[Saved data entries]
<<<<
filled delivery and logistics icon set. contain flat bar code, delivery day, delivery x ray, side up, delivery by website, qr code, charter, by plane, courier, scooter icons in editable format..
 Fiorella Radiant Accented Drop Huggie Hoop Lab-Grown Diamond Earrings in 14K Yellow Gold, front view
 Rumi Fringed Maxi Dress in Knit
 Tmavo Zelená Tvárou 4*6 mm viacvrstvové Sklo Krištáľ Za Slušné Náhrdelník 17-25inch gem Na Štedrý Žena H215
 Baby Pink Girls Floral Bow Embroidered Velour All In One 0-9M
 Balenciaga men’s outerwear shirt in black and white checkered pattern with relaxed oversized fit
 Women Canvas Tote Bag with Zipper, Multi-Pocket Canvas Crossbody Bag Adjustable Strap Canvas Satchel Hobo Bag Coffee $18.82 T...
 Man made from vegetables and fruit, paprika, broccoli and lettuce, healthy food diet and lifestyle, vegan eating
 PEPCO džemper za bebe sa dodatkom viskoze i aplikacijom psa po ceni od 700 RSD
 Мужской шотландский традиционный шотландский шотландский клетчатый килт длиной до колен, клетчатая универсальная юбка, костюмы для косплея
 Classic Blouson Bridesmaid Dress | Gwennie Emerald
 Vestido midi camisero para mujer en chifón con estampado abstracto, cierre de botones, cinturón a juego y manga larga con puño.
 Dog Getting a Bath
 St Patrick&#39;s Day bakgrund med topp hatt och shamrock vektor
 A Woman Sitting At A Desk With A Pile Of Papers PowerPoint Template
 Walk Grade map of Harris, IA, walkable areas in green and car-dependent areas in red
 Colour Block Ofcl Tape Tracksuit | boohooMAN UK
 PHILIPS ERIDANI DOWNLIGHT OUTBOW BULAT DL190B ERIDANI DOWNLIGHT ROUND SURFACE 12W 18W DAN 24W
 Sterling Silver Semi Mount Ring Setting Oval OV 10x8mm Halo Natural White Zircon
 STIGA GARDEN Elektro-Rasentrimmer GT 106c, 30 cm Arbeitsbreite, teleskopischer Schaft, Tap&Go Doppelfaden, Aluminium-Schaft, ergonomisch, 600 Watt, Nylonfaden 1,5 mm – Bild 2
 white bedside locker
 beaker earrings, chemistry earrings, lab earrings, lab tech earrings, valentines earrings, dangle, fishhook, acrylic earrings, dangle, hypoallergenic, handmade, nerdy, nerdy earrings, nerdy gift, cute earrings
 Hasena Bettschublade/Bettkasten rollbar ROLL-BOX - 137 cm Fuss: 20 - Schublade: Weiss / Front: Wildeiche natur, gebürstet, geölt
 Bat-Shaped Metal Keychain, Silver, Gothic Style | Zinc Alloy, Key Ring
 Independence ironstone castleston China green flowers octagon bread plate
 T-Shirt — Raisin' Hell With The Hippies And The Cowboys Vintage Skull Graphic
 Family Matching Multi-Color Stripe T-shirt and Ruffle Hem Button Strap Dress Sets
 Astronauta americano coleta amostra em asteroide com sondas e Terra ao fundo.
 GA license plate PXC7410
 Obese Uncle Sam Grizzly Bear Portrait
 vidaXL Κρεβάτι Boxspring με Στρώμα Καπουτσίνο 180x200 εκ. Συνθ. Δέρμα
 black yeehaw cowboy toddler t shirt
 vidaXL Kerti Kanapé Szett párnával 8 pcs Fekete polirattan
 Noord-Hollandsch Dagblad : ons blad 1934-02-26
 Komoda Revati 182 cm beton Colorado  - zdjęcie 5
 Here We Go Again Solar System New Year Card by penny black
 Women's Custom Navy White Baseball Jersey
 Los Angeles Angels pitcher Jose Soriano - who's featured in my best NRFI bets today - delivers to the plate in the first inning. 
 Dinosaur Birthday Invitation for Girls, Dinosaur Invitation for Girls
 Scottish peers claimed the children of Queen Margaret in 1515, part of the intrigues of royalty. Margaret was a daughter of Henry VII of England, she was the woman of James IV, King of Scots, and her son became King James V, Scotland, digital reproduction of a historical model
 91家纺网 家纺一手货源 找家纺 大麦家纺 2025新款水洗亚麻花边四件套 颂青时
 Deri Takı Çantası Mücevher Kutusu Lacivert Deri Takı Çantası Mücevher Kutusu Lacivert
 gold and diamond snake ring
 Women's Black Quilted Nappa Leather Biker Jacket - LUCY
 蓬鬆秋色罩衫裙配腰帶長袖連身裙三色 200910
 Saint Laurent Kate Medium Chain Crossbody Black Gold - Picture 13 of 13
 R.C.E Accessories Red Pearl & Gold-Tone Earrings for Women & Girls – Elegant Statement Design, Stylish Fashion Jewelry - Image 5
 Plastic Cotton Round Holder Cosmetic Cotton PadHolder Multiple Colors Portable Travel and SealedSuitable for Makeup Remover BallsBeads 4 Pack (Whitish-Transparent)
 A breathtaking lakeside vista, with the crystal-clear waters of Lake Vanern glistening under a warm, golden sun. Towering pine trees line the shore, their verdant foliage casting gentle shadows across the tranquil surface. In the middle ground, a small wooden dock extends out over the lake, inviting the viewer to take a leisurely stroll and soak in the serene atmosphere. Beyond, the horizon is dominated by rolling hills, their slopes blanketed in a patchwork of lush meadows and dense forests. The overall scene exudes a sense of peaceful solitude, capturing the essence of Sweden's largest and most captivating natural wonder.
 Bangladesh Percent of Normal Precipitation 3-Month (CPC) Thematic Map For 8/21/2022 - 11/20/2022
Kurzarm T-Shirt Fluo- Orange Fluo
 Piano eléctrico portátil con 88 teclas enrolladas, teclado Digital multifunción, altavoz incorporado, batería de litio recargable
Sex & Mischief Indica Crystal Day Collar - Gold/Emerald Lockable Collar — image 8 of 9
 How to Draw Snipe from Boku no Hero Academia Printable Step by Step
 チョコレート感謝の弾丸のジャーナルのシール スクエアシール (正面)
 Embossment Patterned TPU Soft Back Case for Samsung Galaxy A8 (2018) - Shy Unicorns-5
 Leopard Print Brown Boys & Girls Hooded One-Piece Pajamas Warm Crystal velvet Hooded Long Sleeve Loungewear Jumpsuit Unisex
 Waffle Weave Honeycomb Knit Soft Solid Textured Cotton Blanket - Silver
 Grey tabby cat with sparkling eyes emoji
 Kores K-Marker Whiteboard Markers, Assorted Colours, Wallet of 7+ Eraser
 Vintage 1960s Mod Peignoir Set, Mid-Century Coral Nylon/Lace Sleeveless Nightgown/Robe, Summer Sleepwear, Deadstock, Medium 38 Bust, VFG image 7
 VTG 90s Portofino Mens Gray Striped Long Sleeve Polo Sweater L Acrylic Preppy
>>>>
» **Work request**: Output, from the data above, the lines from the line with "Deri Takı Çantası Mücevher Kutusu Lacivert Deri" to the line with "R.C.E Accessories Red" exactly as they stand, both ends included and nothing else.

» **Output**:
 Deri Takı Çantası Mücevher Kutusu Lacivert Deri Takı Çantası Mücevher Kutusu Lacivert
 gold and diamond snake ring
 Women's Black Quilted Nappa Leather Biker Jacket - LUCY
 蓬鬆秋色罩衫裙配腰帶長袖連身裙三色 200910
 Saint Laurent Kate Medium Chain Crossbody Black Gold - Picture 13 of 13
 R.C.E Accessories Red Pearl & Gold-Tone Earrings for Women & Girls – Elegant Statement Design, Stylish Fashion Jewelry - Image 5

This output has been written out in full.